---------- DATASET CONTENT
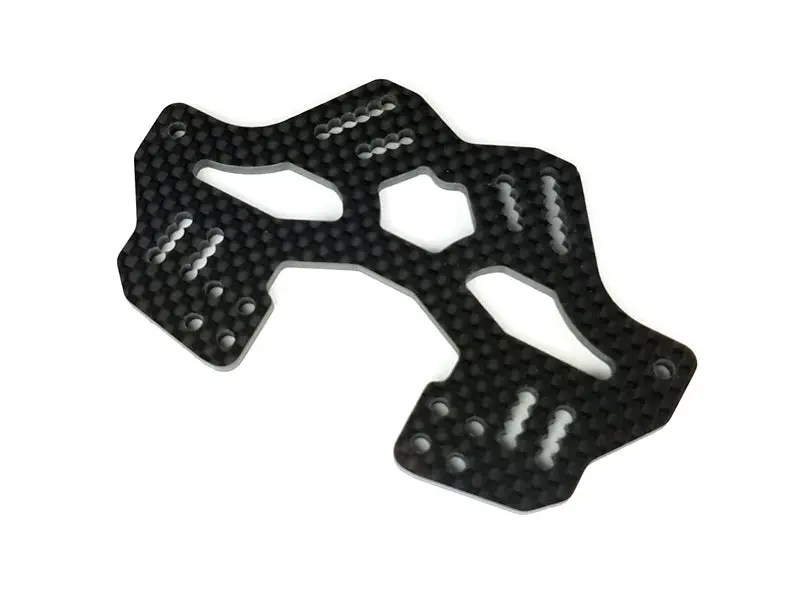 Rocket 4/5 Front Shock Tower 1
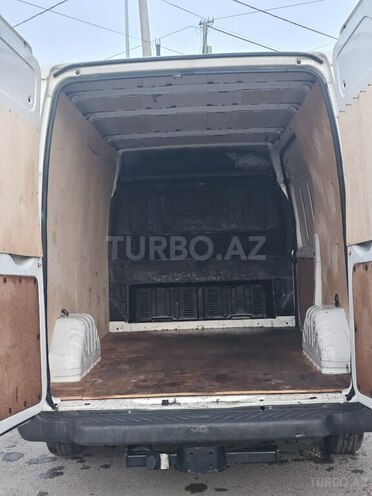 Ford Transit 2007, 160,000 km - 2.2 l - Bakı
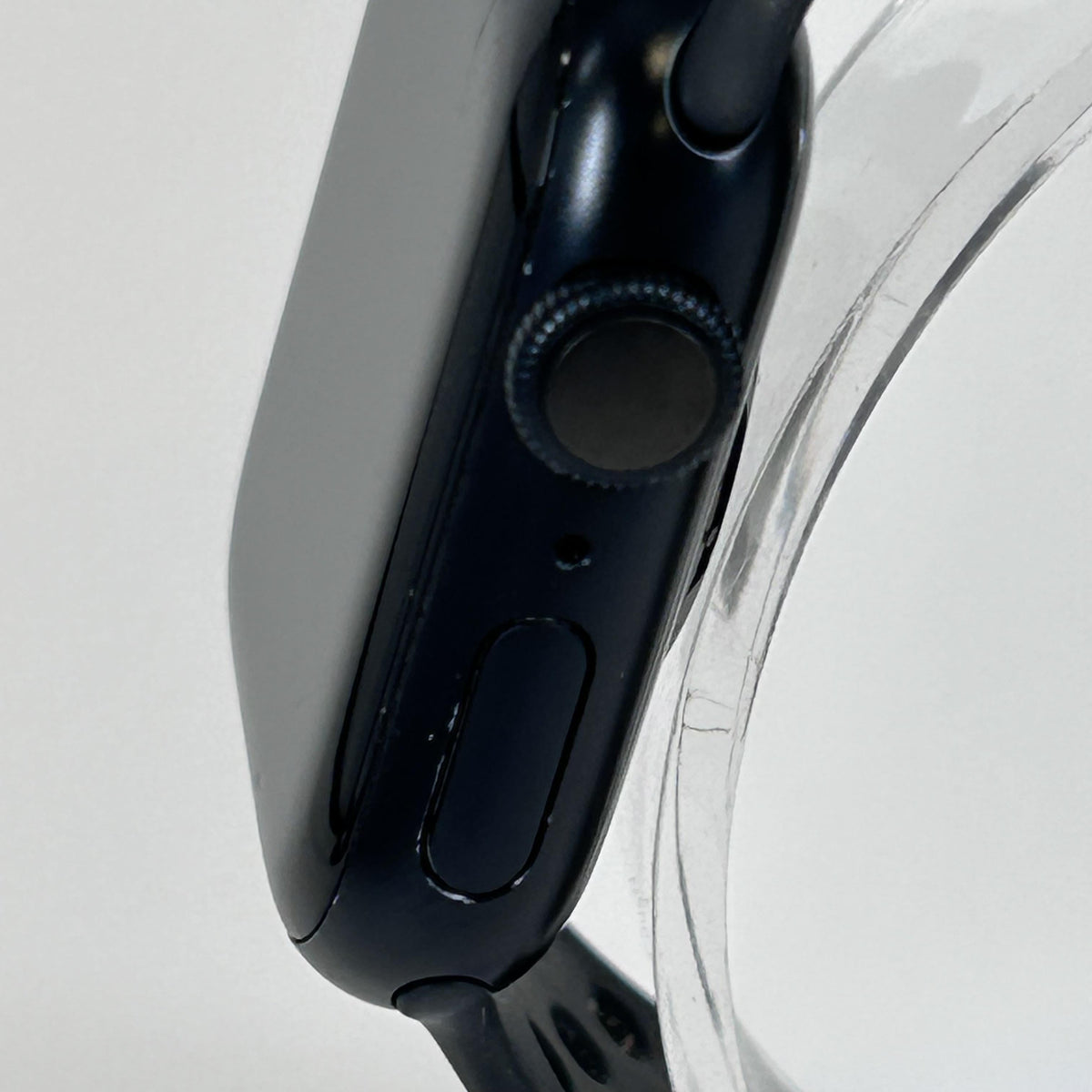 Apple Watch (Series 7) 41mm Space Black WiFi 32GB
--------------------
*WHAT IS NEEDED*: Restate the data above word for word. Skip every picture.

*ANSWER BOX*:
 Rocket 4/5 Front Shock Tower 1
 Ford Transit 2007, 160,000 km - 2.2 l - Bakı
 Apple Watch (Series 7) 41mm Space Black WiFi 32GB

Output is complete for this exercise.